Now, first off, I want to make it clear that this is not a political debate. I'm not talking about the political parties, I'm not talking about Republicans or Democrats. This is the correction of a common error, the error being that we have a Democracy.
We don't. Want proof? Okay, recite to Pledge of Allegiance. Done? Good. Now, back up to the line that says "And to the _______ for which it stands." What was in that blank? Was it Democracy? No. It was Republic.
"But!" you say, "My teachers always taught me we had a Democracy. That's what I hear on TV when I watch the news!" Well, I'm sorry, but they had it wrong. We have a Republic. Yes, I'm saying that your teachers and that our politicians have their definitions mixed up.
To tell the truth, Athens DID have a democracy. Everyone (that is, every man over a certain age) was allowed to vote ... on everything! This wasn't just the election of people to make laws - they made the laws! They judged criminals! Yes, there was an overseeing government, however, it had little power against the people - and it was not chosen by the people! No! The overseeing government was names pulled out of a hat. Anyone could become part of this ruling body - if their name was drawn. And this body was there mostly to direct the flow of directions, and to curb any mobs that tried to form. This body also dealt with any visiting ambassadors from other city-states, countries and such.
That's not what we have, is it? NO, what we have is more like what Rome and Sparta had. They both had republics, specifically, a republic monarchy. Interestingly enough, they are also two of the greatest military peoples of antiquity.
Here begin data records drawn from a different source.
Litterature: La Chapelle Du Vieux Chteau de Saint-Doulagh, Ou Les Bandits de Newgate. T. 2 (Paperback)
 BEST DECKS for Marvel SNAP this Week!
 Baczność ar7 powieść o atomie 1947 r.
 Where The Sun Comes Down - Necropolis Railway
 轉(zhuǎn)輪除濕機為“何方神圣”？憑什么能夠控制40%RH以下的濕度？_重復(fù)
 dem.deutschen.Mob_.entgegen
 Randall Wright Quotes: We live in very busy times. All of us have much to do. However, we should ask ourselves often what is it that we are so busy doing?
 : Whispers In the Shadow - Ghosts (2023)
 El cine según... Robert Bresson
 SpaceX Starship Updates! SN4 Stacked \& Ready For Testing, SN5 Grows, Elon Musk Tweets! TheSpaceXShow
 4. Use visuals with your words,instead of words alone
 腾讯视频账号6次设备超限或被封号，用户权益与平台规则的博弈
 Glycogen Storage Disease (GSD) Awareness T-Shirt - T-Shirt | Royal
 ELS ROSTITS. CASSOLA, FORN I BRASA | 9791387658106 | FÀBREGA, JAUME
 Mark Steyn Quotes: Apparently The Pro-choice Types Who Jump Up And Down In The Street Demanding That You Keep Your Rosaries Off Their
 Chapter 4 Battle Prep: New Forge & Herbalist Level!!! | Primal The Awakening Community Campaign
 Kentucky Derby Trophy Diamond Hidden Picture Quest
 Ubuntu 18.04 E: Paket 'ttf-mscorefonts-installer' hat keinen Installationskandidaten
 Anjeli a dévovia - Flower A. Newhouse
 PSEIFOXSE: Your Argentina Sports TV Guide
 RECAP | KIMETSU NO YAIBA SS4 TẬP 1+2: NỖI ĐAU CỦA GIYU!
For a while, Rome had a pure republic, but Julius Caesar, and Caesar Augustus put an end to that. Until that point, Rome was governed by a group of senators (now where have I heard that term before?). These Senators were actually not elected, but appointed by the consuls, who were two men elected for one-year terms, and later by the Censors. There were two ways to be selected for this job - you had to either born to senatorial class, or you had to given special permission to be considered.
Sparta's goal as a city-state was to prevent change, so they had as many checks and balances as possible. They had two kings, a council of 28 that were elected for life (of which five were annually elected to be over the council), and all Spartan males over the age of eighteen were given a vote. Indeed, the founding fathers based our government more on this setup, than on that of Athens.